Climate data for Putre (1976–2009)
| Month | Jan | Feb | Mar | Apr | May | Jun | Jul | Aug | Sep | Oct | Nov | Dec | Year |
| Mean daily maximum °C (°F) | 14.5 (58.1) | 14.8 (58.6) | 15.1 (59.2) | 16.1 (61.0) | 15.6 (60.1) | 14.8 (58.6) | 14.2 (57.6) | 15.2 (59.4) | 15.7 (60.3) | 16.1 (61.0) | 15.9 (60.6) | 15.4 (59.7) | 15.3 (59.5) |
| Daily mean °C (°F) | 9.2 (48.6) | 9.4 (48.9) | 9.8 (49.6) | 9.1 (48.4) | 8.1 (46.6) | 7.5 (45.5) | 8.6 (47.5) | 8.9 (48.0) | 9.3 (48.7) | 9.3 (48.7) | 9.5 (49.1) | 9.3 (48.7) | 9.0 (48.2) |
| Mean daily minimum °C (°F) | 3.9 (39.0) | 3.9 (39.0) | 3.7 (38.7) | 3.5 (38.3) | 2.5 (36.5) | 1.4 (34.5) | 0.7 (33.3) | 1.9 (35.4) | 2.2 (36.0) | 2.5 (36.5) | 3.1 (37.6) | 3.2 (37.8) | 2.7 (36.9) |
| Average precipitation mm (inches) | 155 (6.1) | 97 (3.8) | 28 (1.1) | 1 (0.0) | 1 (0.0) | 1 (0.0) | 1 (0.0) | 2 (0.1) | 2 (0.1) | 2 (0.1) | 18 (0.7) | 68 (2.7) | 376 (14.7) |
Source: Atlas Agroclimatico de Chile

==Demographics==
According to the 2002 census of the National Statistics Institute, Putre had 1,977 inhabitants (1,345 men and 632 women). Of these, 1,235 (62.5%) lived in urban areas and 742 (38.5%) in rural areas. The population fell by 29.5% (826 persons) between the 1992 and 2002 censuses.

==Administration==
As a commune, Putre is a third-level administrative division of Chile administered by a municipal council, headed by a mayor (alcalde) who is directly elected every four years. Since August 2023 the mayor has been Javier Tito Huaylla (Ind./UDI), who was elected by the communal council following the former mayor Maricel Gutiérrez Castro (Ind.) died in July 2023. The communal council has the following members:
- Juan Manuel Muñoz Cabrera (UDI)
- Jeannette Huanca Huanca (Ind./UDI)
- María Aria Santos (Ind./UDI)
- Marcos Jiménez Mamani (Ind./PR)
- Edie Zegarra Santos (Ind./PPD)
- Herman Gutiérrez Coloma (Ind./PPD)

Within the electoral divisions of Chile, Putre is represented in the Chamber of Deputies by Mr.

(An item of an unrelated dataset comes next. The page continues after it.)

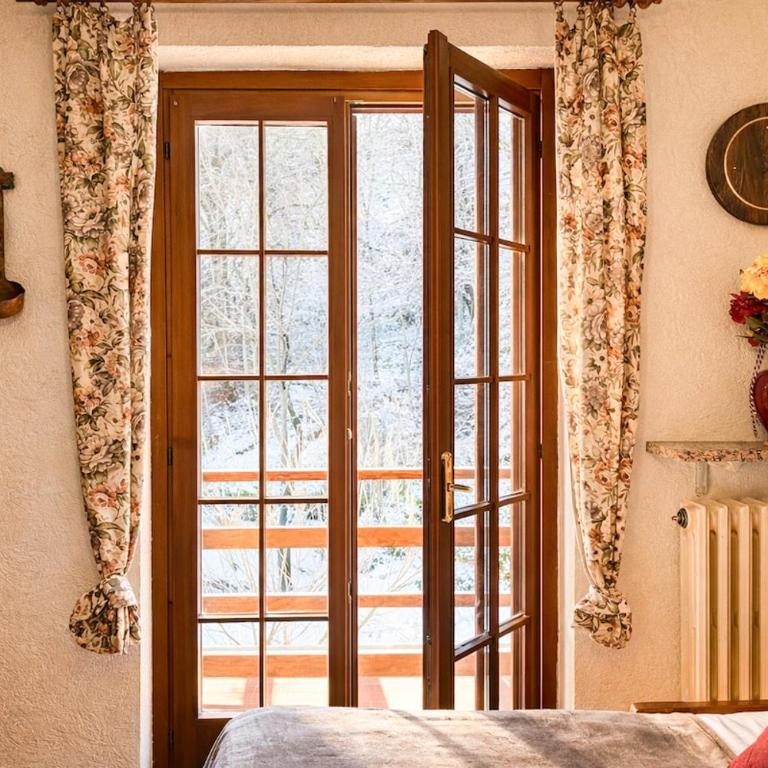 Wooden Chalet - Rifugio rustico vicino alle Terme - Two-Bedroom Apartment - 4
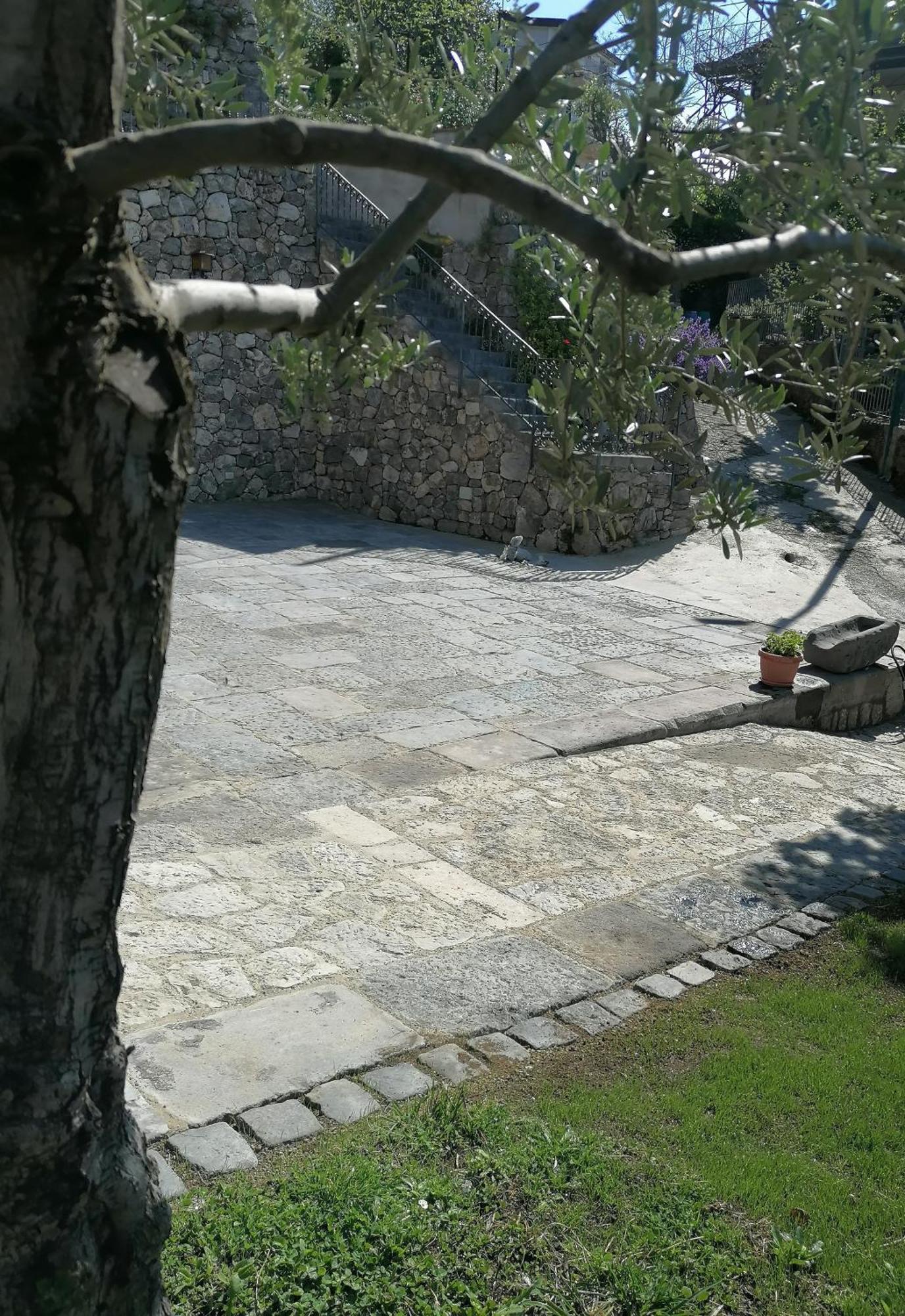 Il Casale Del Generale Bed & Breakfast Agerola Exterior photo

Nino Baltolu (UDI) and Mr. Orlando Vargas (PPD) as part of the 1st electoral district, which includes the entire Arica and Parinacota Region.The commune is represented in the Senate by Fulvio Rossi Ciocca (PS) and Jaime Orpis Bouchon (UDI) as part of the 1st senatorial constituency (Arica and Parinacota Region and Tarapacá Region).